Um dia, depois de um mês de trocas de mensagens diárias ela o convidou para sua casa. Os pais estariam fora e ela se sentia confortável o suficiente para chamá-lo e estrear a nova lingerie preta. Na verdade, não era dela. Mas a irmã mais velha havia lhe dado. Ele estava ansioso e quando ela chamou, chegou de táxi.
M. estava com medo que ele a reconhecesse logo de cara e apagou todas as luzes da casa. Deixou o portão aberto e quando ele chegou, o guiou com a sua voz. Para ele, era tudo estranho e podia ser uma armadilha. A caminho do quarto, mesmo depois de vê-la de camisola branca e lingerie preta, ele não a reconheceu.
Ficaram juntos a noite. De um modo decepcionante que a realidade pode ser. Era uma cama de solteiro e incomodada, depois do ato, do grand finale, ela mudou de quarto e foi dormir em outra cama. Uma mais confortável, que pudesse dormir.
Ele acordou no meio da noite e achou que tinha entrado em uma cilada. Que alguém robaria seus rins.
Conversaram sobre.
Riram um pouco. Um riso nervoso.
E ele foi embora. Ela guiou em palavras o ponto de ônibus mais próximo. Depois disso, a conversa foi apagada. E nada disso existiu.
sábado, 16 de dezembro de 2017
só a ficção salva
2. a noite, diante da febril ressaca, pensei nos organismos e nos corpos, no controle pelos fluidos. era como se algo espesso e translúcido estivesse entre as nossas células, infiltradas por um organismo maior. na sonolência, tudo teve sentido.
3. da noite anterior e o sonho da montanha russa pelas ruínas do museu.
a história de A.P
a tarde corria e junto com os salgados, hotdogs, pipoca, salada de macarrão. eu enchia cada vez mais meu copo de frisante, enquanto ia para lá e para cá, servindo para os pais e as crianças. uma das discussões ao fundo começou a ficar mais inflamada sobre a variável Bolsonaro. era o pai da melhor amiga da S. e acho que isso não era um bom começo de convivência com as famílias. de todo modo, o pai foi embora, com a desculpa de que o filho estava doente, o que foi desmentido com um não sei porque meu pai fala para falar que eu to doente, eu to bem.
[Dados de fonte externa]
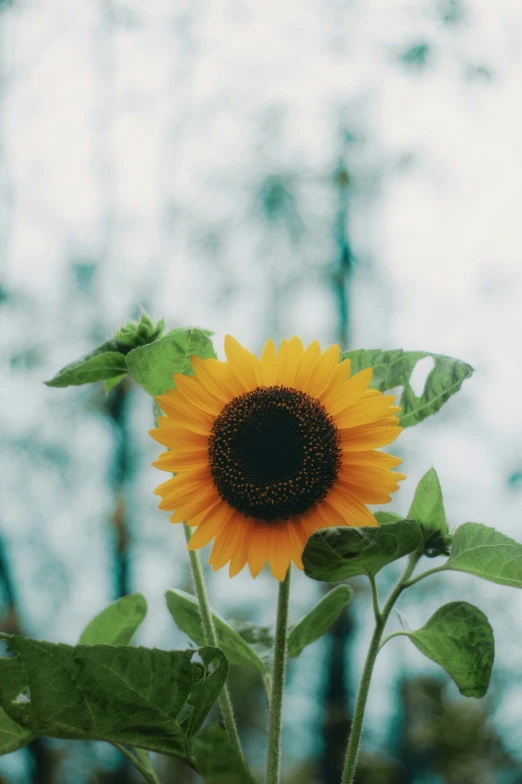 a big pretty sunflower in front of some trees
de volta a cozinha, A.P me contou sobre o pai dela e como ela era filha de um estupro. a família era de Minas, bem humilde e a mãe veio para São Paulo para trabalhar como doméstica. o pai reapareceu quando A.P tinha 11 anos e lembra dele arrancando as unhas da mãe com alicate. (não quis aprofundar mais, isso sempre me toca e me faz ficar muito mal). a família de Minas era da cidade da manteiga Aviação. A.P conta que a indústria começou com uma portinha e que as tias sempre pegavam as embalagem que sobravam e a empresa jogava no lixo. com o crescimento da empresa, o que era antes descartado começou a ser cobrado e hoje vale R$ 8 centavos cada caixa.
final da tarde e A.P já ia embora quando dei um abraço nela e desejei que o aniversário de 40 anos, já próximo, fosse comemorado com muita alegria. desejei que ela fizesse a viagem que tanto queria, para algum lugar tranquilo, com o marido e com o filho. a noite, antes de dormir, com o coração pesado pensei que seria bom trazer em algum momento da vida da escrita essas histórias que carrego pelo contato ou convivência. lendo Bolaño e o capítulo Anne's life, acho que tive algumas ideias do que isso pode ser no futuro.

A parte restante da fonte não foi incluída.